Hacker News new | ask | show | jobs
by mercantile 2181 days ago
If you don't know COBOL, Wikipedia has a pretty excellent overview of a lot of its basic syntax here:

https://en.wikipedia.org/wiki/COBOL#Features

It's very verbose, and includes a lot of opaque language that almost seems designed to confuse (I know it wasn't actually, but it's pretty bad). For example, an alphanumeric variable type is called a `PIC` for "PICTURE". You can store an alphanumeric as a `PIC A`, or a numeric-only using a `PIC X`. Fields in a record get a "level number" that defines their behavior, and you just have to memorize which does what. 01 is a top-level record. 05 defines a subgroup. 88 is a conditional record.

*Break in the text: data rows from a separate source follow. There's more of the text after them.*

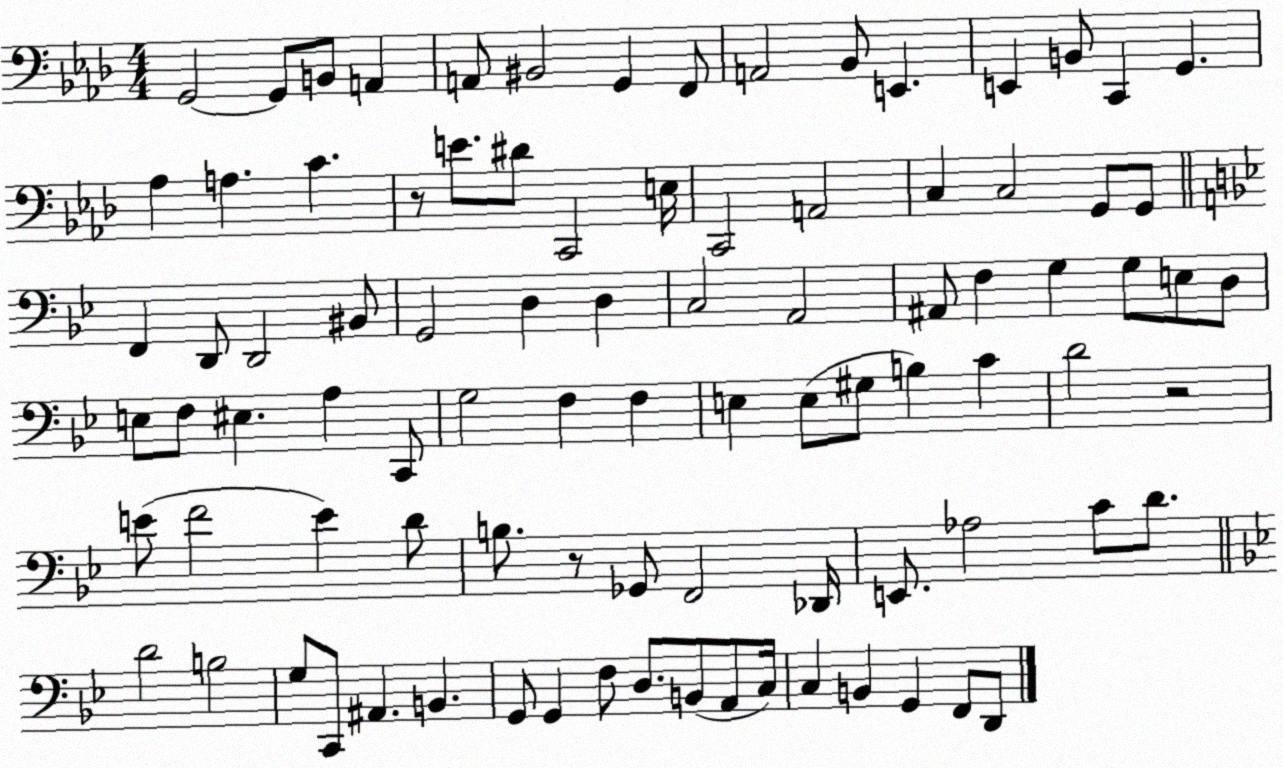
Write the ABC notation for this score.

X:1
T:Untitled
M:4/4
L:1/4
K:Ab
G,,2 G,,/2 B,,/2 A,, A,,/2 ^B,,2 G,, F,,/2 A,,2 _B,,/2 E,, E,, B,,/2 C,, G,, _A, A, C z/2 E/2 ^D/2 C,,2 E,/4 C,,2 A,,2 C, C,2 G,,/2 G,,/2 F,, D,,/2 D,,2 ^B,,/2 G,,2 D, D, C,2 A,,2 ^A,,/2 F, G, G,/2 E,/2 D,/2 E,/2 F,/2 ^E, A, C,,/2 G,2 F, F, E, E,/2 ^G,/2 B, C D2 z2 E/2 F2 E D/2 B,/2 z/2 _G,,/2 F,,2 _D,,/4 E,,/2 _A,2 C/2 D/2 D2 B,2 G,/2 C,,/2 ^A,, B,, G,,/2 G,, F,/2 D,/2 B,,/2 A,,/2 C,/4 C, B,, G,, F,,/2 D,,/2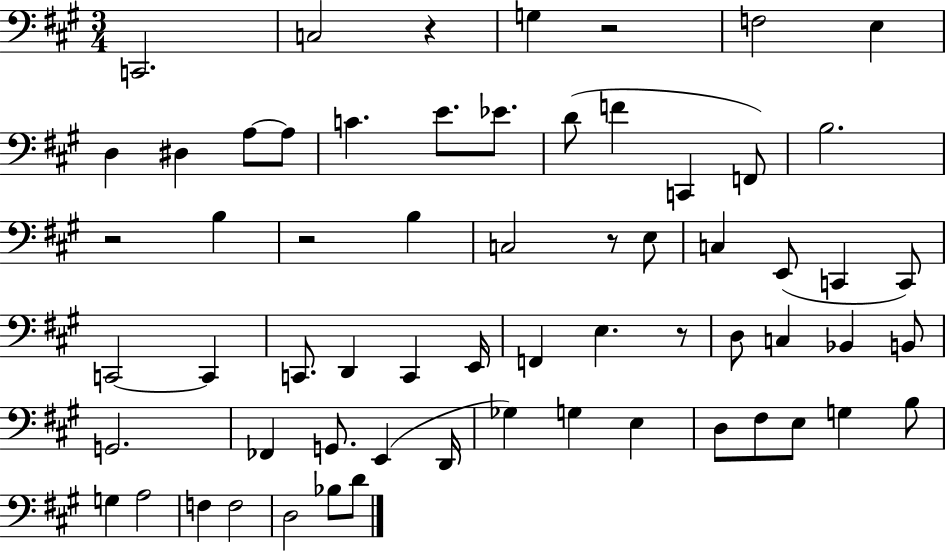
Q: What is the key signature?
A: A major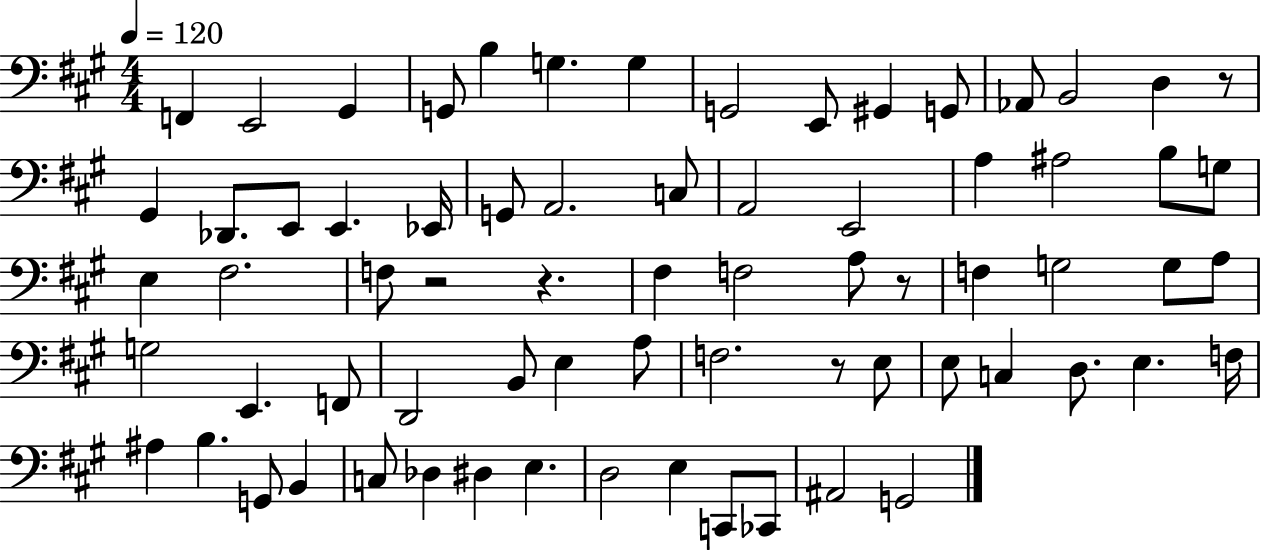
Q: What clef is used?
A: bass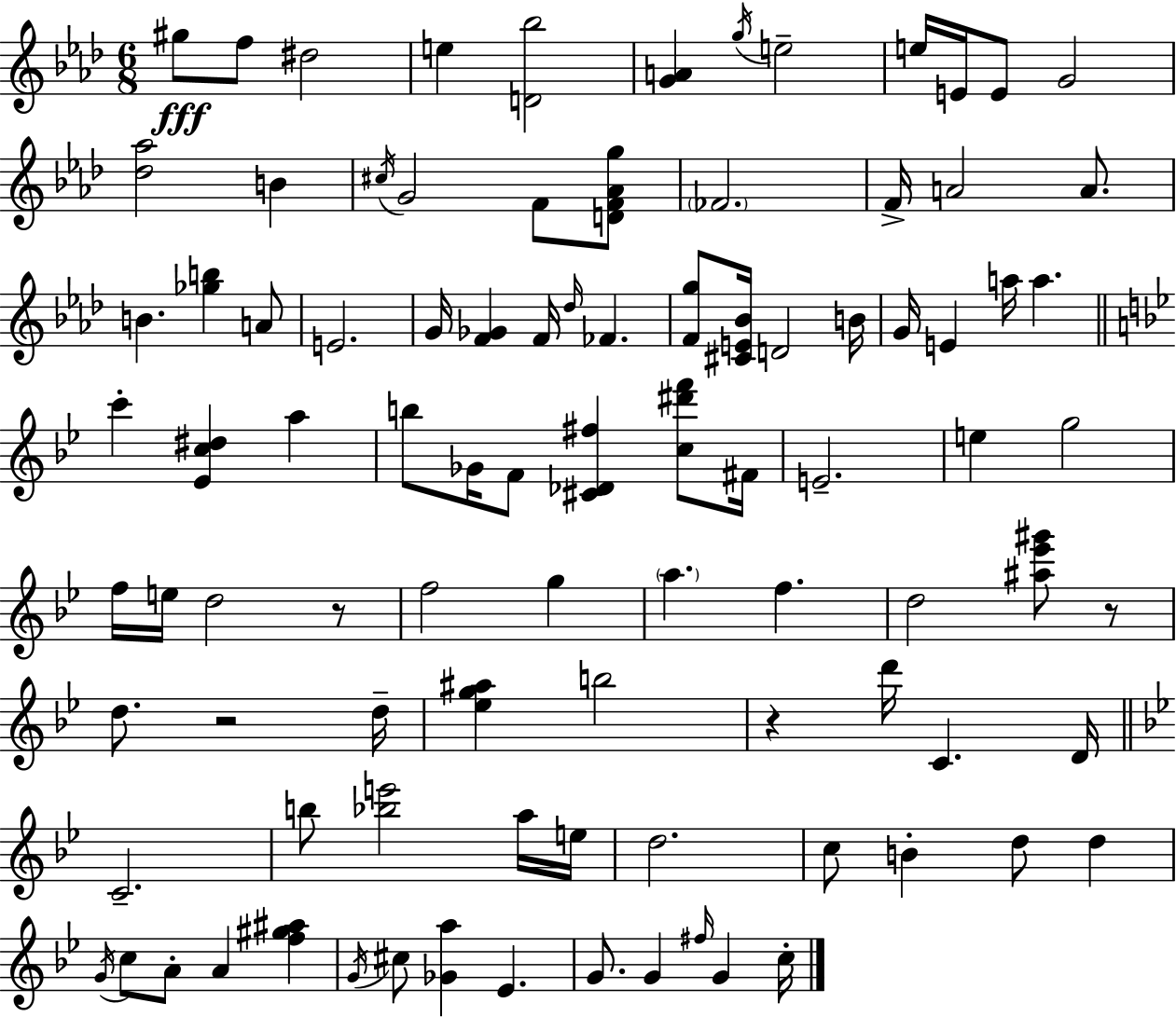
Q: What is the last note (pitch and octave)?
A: C5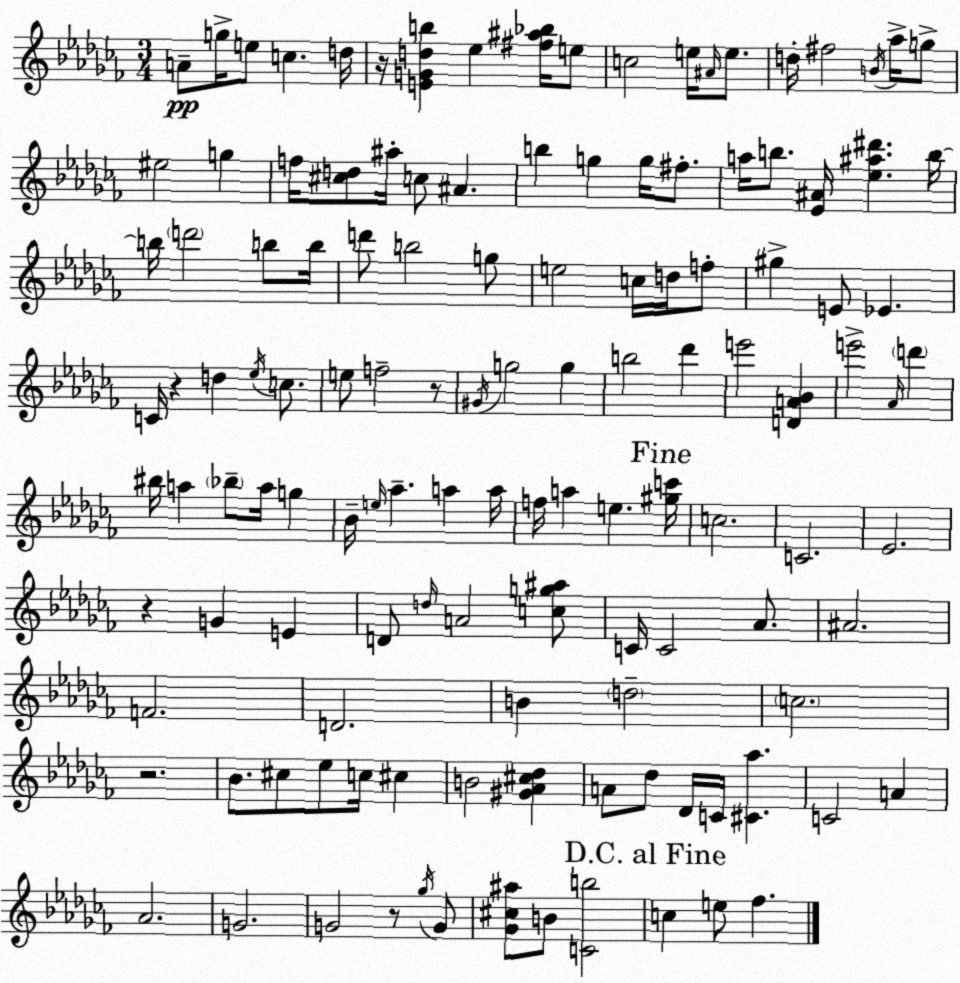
X:1
T:Untitled
M:3/4
L:1/4
K:Abm
A/2 g/4 e/2 c d/4 z/4 [EGdb] _e [^f^a_b]/4 e/2 c2 e/4 ^A/4 e/2 d/4 ^f2 B/4 _a/4 g/2 ^e2 g f/4 [^cd]/2 ^a/4 c/2 ^A b g g/4 ^f/2 a/4 b/2 [_E^A]/4 [_e^a^d'] b/4 b/4 d'2 b/2 b/4 d'/2 b2 g/2 e2 c/4 d/4 f/2 ^g E/2 _E C/4 z d _e/4 c/2 e/2 f2 z/2 ^G/4 g2 g b2 _d' e'2 [DA_B] e'2 _A/4 d' ^b/4 a _b/2 a/4 g _B/4 e/4 _a a a/4 f/4 a e [^gc']/4 c2 C2 _E2 z G E D/2 d/4 A2 [cg^a]/2 C/4 C2 _A/2 ^A2 F2 D2 B d2 c2 z2 _B/2 ^c/2 _e/2 c/4 ^c B2 [^G_A^c_d] A/2 _d/2 _D/4 C/4 [^C_a] C2 A _A2 G2 G2 z/2 _g/4 G/2 [_G^c^a]/2 B/2 [Cb]2 c e/2 _f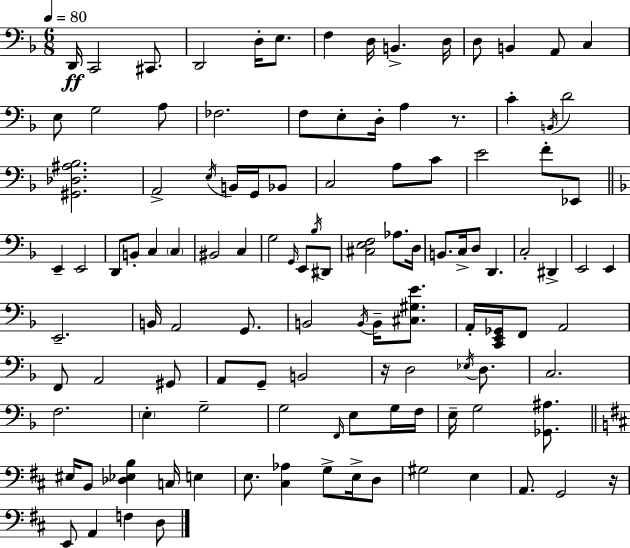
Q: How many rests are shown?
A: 3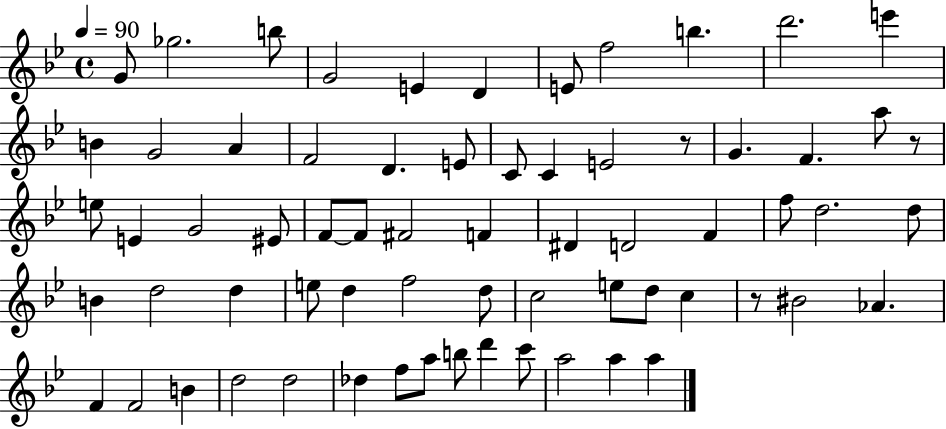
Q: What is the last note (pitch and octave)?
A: A5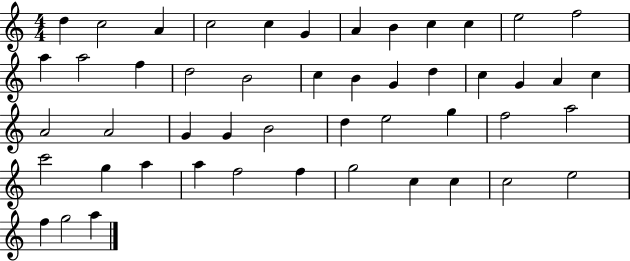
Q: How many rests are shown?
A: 0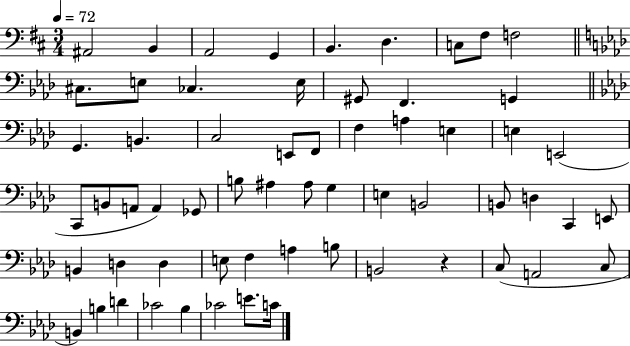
X:1
T:Untitled
M:3/4
L:1/4
K:D
^A,,2 B,, A,,2 G,, B,, D, C,/2 ^F,/2 F,2 ^C,/2 E,/2 _C, E,/4 ^G,,/2 F,, G,, G,, B,, C,2 E,,/2 F,,/2 F, A, E, E, E,,2 C,,/2 B,,/2 A,,/2 A,, _G,,/2 B,/2 ^A, ^A,/2 G, E, B,,2 B,,/2 D, C,, E,,/2 B,, D, D, E,/2 F, A, B,/2 B,,2 z C,/2 A,,2 C,/2 B,, B, D _C2 _B, _C2 E/2 C/4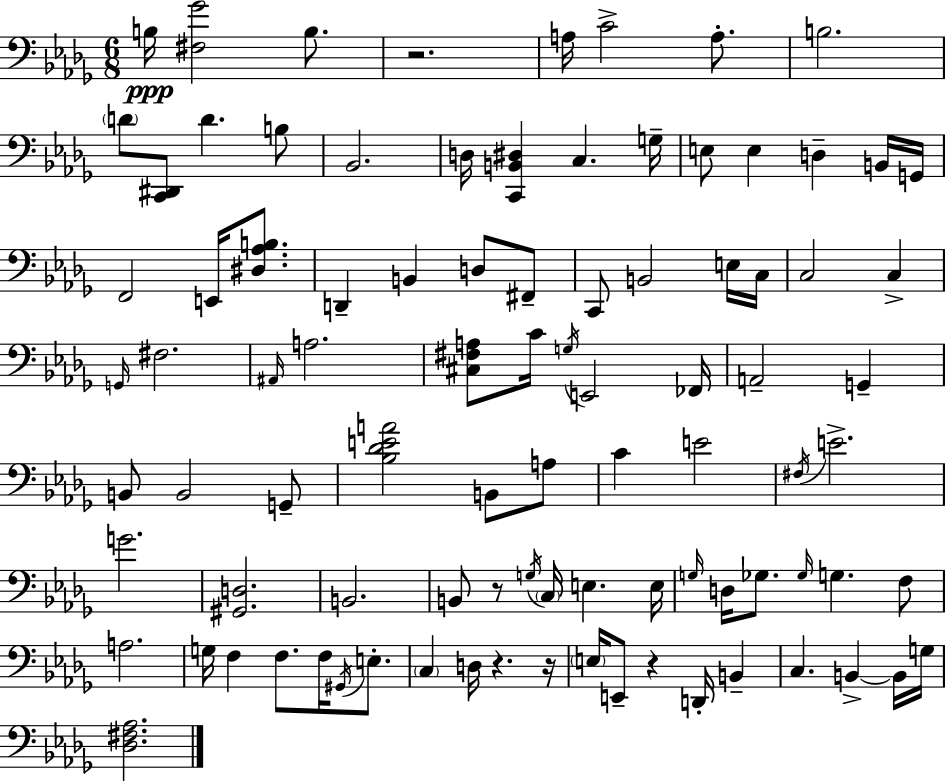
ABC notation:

X:1
T:Untitled
M:6/8
L:1/4
K:Bbm
B,/4 [^F,_G]2 B,/2 z2 A,/4 C2 A,/2 B,2 D/2 [C,,^D,,]/2 D B,/2 _B,,2 D,/4 [C,,B,,^D,] C, G,/4 E,/2 E, D, B,,/4 G,,/4 F,,2 E,,/4 [^D,_A,B,]/2 D,, B,, D,/2 ^F,,/2 C,,/2 B,,2 E,/4 C,/4 C,2 C, G,,/4 ^F,2 ^A,,/4 A,2 [^C,^F,A,]/2 C/4 G,/4 E,,2 _F,,/4 A,,2 G,, B,,/2 B,,2 G,,/2 [_B,_DEA]2 B,,/2 A,/2 C E2 ^F,/4 E2 G2 [^G,,D,]2 B,,2 B,,/2 z/2 G,/4 C,/4 E, E,/4 G,/4 D,/4 _G,/2 _G,/4 G, F,/2 A,2 G,/4 F, F,/2 F,/4 ^G,,/4 E,/2 C, D,/4 z z/4 E,/4 E,,/2 z D,,/4 B,, C, B,, B,,/4 G,/4 [_D,^F,_A,]2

There are many parts of the language that are clearly anti-features in retrospect. A 66 level number allows you to redefine a field in a previously defined record. Convenient in some cases maybe, but something that will clearly lead to maintainability problems as the shape of a record doesn't match its original definition in code. Another example is that COBOL has a huge vocabulary, with the original idea that you could write things as much like English as possible (e.g. use a `GREATER THAN` instead of a `>`), which is one of those things that probably seemed like a good idea at one point, but which every modern language has abandoned or is abandoning (through the use of linters, etc.).

The article makes quite a few salient points, but on the other hand, if there's ever been a language that got almost everything wrong in about as objective a sense as you can get when speaking about these things, it's this one.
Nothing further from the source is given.